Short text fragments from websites
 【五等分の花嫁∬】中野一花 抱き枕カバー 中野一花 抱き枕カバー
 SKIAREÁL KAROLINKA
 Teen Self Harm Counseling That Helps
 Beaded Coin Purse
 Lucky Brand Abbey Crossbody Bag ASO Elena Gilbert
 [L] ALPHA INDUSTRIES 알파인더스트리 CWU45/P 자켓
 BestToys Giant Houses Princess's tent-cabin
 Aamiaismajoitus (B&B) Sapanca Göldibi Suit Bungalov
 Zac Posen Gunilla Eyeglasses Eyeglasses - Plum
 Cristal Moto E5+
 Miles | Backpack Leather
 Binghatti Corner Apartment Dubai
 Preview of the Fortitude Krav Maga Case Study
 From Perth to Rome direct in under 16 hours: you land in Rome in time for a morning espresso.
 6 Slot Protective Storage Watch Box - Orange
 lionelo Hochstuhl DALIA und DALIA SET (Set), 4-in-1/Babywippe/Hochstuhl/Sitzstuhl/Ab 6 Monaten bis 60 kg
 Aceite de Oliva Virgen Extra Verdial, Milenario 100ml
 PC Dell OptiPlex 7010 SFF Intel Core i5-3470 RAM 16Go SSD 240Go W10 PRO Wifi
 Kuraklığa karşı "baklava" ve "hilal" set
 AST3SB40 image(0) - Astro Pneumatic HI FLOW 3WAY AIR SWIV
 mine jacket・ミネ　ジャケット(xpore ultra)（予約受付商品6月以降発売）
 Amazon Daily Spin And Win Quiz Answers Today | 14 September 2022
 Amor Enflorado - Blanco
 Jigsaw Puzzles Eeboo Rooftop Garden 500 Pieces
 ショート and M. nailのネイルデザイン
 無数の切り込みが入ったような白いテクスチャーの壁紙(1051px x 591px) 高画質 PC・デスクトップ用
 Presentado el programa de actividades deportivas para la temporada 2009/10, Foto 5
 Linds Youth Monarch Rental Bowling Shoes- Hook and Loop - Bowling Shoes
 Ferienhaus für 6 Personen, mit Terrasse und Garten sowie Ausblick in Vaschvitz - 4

Exercise instructions
What are the lines, exactly as written above, from the line with "PC Dell OptiPlex" to the line with "Jigsaw Puzzles Eeboo", both included? Output only those.

Result of the task
 PC Dell OptiPlex 7010 SFF Intel Core i5-3470 RAM 16Go SSD 240Go W10 PRO Wifi
 Kuraklığa karşı "baklava" ve "hilal" set
 AST3SB40 image(0) - Astro Pneumatic HI FLOW 3WAY AIR SWIV
 mine jacket・ミネ　ジャケット(xpore ultra)（予約受付商品6月以降発売）
 Amazon Daily Spin And Win Quiz Answers Today | 14 September 2022
 Amor Enflorado - Blanco
 Jigsaw Puzzles Eeboo Rooftop Garden 500 Pieces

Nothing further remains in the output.